→ The problem
Each line of the data below from the one holding "season and climate" to the one holding "浸出渣烘干設備運輸現場", inclusive, is to be reproduced exactly; no other line belongs in the answer.
*** Opening Data under study ***
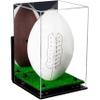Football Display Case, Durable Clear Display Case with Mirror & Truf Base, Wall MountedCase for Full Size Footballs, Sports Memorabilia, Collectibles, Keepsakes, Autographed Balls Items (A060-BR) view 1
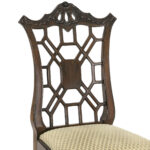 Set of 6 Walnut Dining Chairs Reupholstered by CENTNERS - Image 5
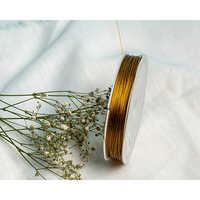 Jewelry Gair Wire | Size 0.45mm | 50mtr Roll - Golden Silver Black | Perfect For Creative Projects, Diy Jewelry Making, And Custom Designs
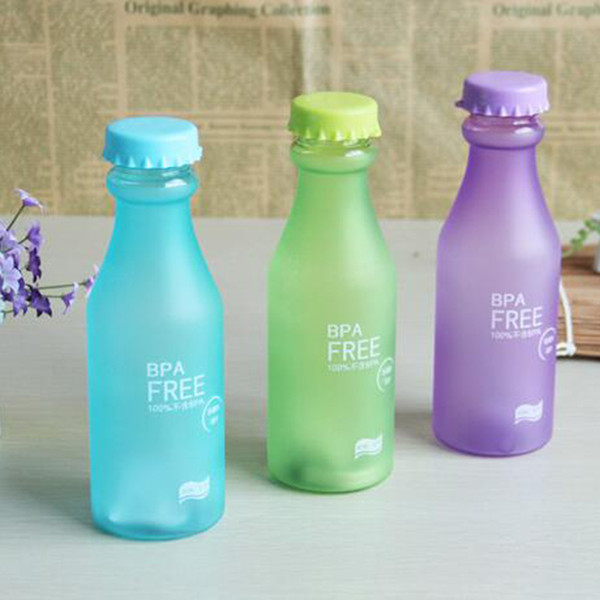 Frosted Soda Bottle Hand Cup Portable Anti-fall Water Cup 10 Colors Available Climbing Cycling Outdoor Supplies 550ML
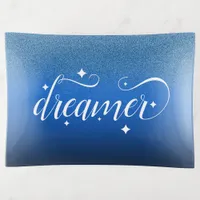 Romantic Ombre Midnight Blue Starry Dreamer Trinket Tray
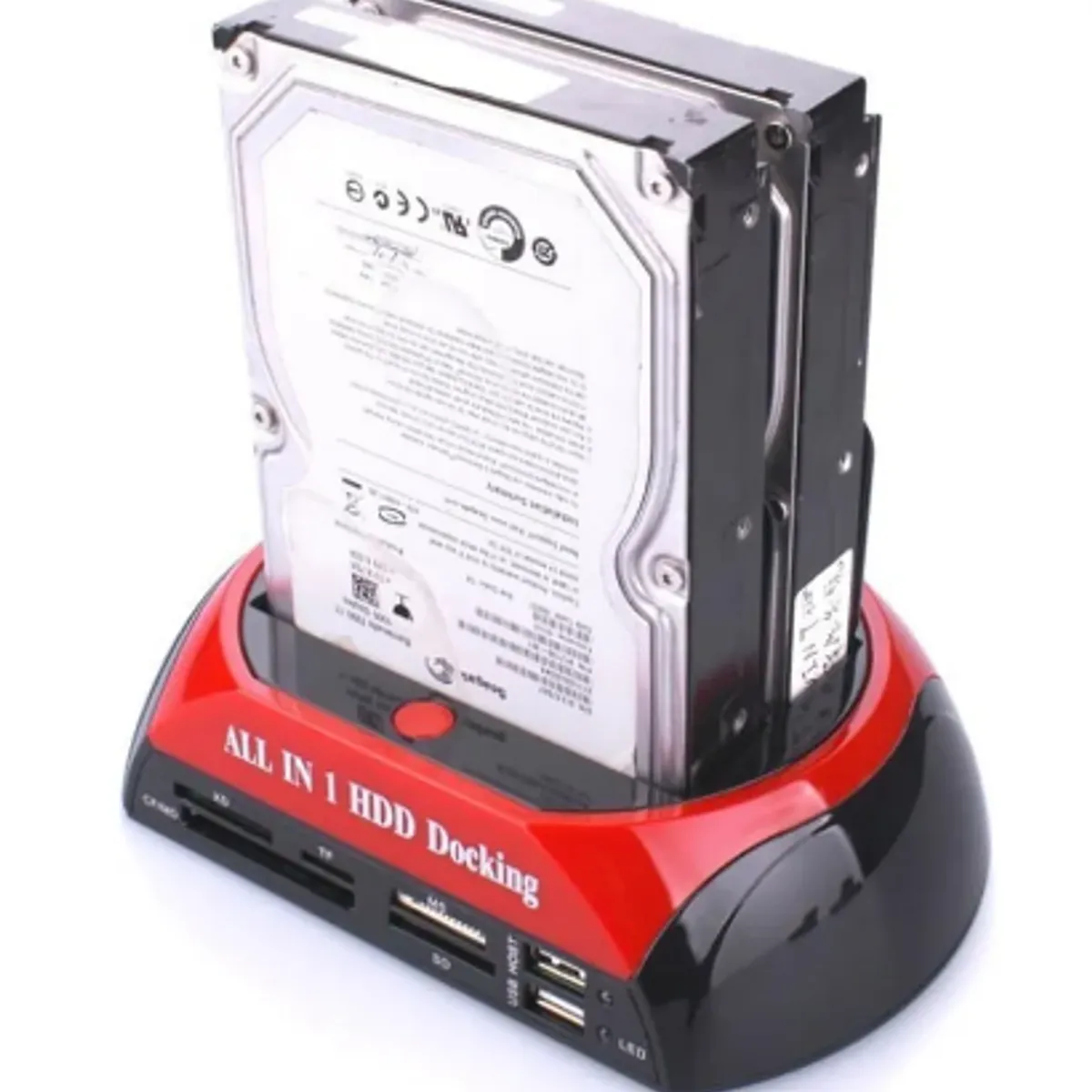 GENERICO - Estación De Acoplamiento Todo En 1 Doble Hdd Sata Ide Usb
*** Closing Data under study ***
*** Opening Data under study ***
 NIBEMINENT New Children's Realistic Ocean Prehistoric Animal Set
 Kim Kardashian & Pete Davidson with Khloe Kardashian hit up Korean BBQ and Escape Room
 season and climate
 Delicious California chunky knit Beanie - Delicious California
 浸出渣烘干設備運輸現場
*** Closing Data under study ***
→ The answer
 season and climate
 Delicious California chunky knit Beanie - Delicious California
 浸出渣烘干設備運輸現場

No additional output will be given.